On June 23, a memorial ceremony to remember the civilians whose lives were lost in the Battle of Okinawa was held in Naha. While the ceremony was supposed to be a day of remembrance, this year’s ceremony impressed the seriousness of the problem Prime Minister Shinzo Abe and his government have vis-à-vis Okinawa.
During the ceremony, Governor Takeshi Onaga broke from tradition by explicitly reiterating his opposition to the government’s plan of relocating U.S. Marine Corps Futenma Air Station to the less populated northern part of Okinawa Prefecture to a location off of Camp Schwab in Henoko. Abe, while continuing the practice of attending the ceremony as he has since 2013, expressed his displeasure by meeting Onaga for only five minutes before returning to Tokyo. In 2013 and 2014, Abe attended the memorial ceremony and met then-Governor Hirokazu Nakaima over lunch before returning to Tokyo.
The reason of Abe’s frustration with Onaga is clear. Onaga, formerly a member of ruling Liberal Democratic Party (LDP) who used to support Futenma’s relocation to Henoko when he was the mayor of Naha City, has not softened his stance against the existing plan to relocate Futenma Air Station. Onaga even visited Hawaii and Washington D.C. between May 27 and June 5, accompanied by a delegation of Diet and prefectural assembly members from Okinawa, to voice the prefecture’s opposition to the current government plan to U.S. lawmakers and government officials. If anything, the cool treatment he received in the United States — he could not get any official whom he met during his trip to sympathize with his position — seems to have hardened his opposition to the current plan.
To be fair, the problem associated with the relocation of Futenma Air Station is not of Abe’s making. In 2009, Yukio Hatoyama, then the prime minister and head of the Democratic Party of Japan, promised that his government would look for an alternative to the current relocation plan that is “at minimum outside Okinawa.” With that promise, a sense of hope quickly emerged and spread in Okinawa that the Futenma relocation issue could be resolved under the new political leadership. When Hatoyama admitted nine months into his premiership that he had come to realize that the existing plan was indeed the best option available for Okinawa, disenchanted political leaders in Okinawa (who lost whatever little confidence they may have had in Japan’s central government) came together behind the banner of “no new construction in Henoko.” In other words, five years after Hatoyama left office, the Abe government still struggles to recover from the situation aggravated during the Hatoyama administration.

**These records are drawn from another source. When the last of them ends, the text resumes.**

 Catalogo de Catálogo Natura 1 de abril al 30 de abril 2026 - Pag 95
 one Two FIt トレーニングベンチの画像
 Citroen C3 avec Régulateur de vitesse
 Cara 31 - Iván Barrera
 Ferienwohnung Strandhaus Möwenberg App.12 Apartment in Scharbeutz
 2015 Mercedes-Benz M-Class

Still, the reality remains that the relocation of Futenma Air Station has not been achieved almost 20 years after the U.S. and Japanese governments first agreed on it in 1996. The local government holds a great deal of authority in issuing various permits required for the construction of the replacement facility to proceed. Therefore, even if Onaga cannot stop the construction in Henoko, he can still make the process as difficult as possible for the Japanese government.

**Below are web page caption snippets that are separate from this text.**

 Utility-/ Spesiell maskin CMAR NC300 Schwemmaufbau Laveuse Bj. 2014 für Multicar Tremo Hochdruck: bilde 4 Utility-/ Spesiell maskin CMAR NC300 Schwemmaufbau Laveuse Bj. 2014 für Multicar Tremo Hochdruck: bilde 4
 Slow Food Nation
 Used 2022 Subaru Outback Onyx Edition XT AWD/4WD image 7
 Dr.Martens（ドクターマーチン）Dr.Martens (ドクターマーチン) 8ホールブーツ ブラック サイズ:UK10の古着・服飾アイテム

Theoretically, Abe can counter these moves by trying to enact a Special Measures Law that would allow the central government in Tokyo to proceed with the relocation without having to subject the process to the approval by the governor and/or mayor, essentially overriding their authority. There is precedent for this — in 1996, the Japanese government revised the Special Measures Law to practically allow the Japanese government to continue to rent the land for U.S. military bases and other facilities from private landowners regardless of the owners’ request for the land to be returned. However, doing so prematurely would damage the Abe government as it has the risk of triggering anti-U.S. base sentiment across Japan. The approval rating for Abe’s cabinet is on the decline since the government hit a major speed bump in its deliberation of national security legislation after three constitutional scholars unanimously argued that the proposed legislation is “unconstitutional.” Under the circumstances, Abe will not want to force the issue.
The current situation, where Futenma Air Station’s ultimate fate remains in limbo, is unsustainable. As Tokyo’s relationship with Okinawa remains deadlocked with no real prospect of a breakthrough, Futenma remains, as it was 20 years ago, one of the most tangible vulnerabilities for the political sustainability of a U.S. military presence in Japan, and the U.S.-Japan alliance writ large.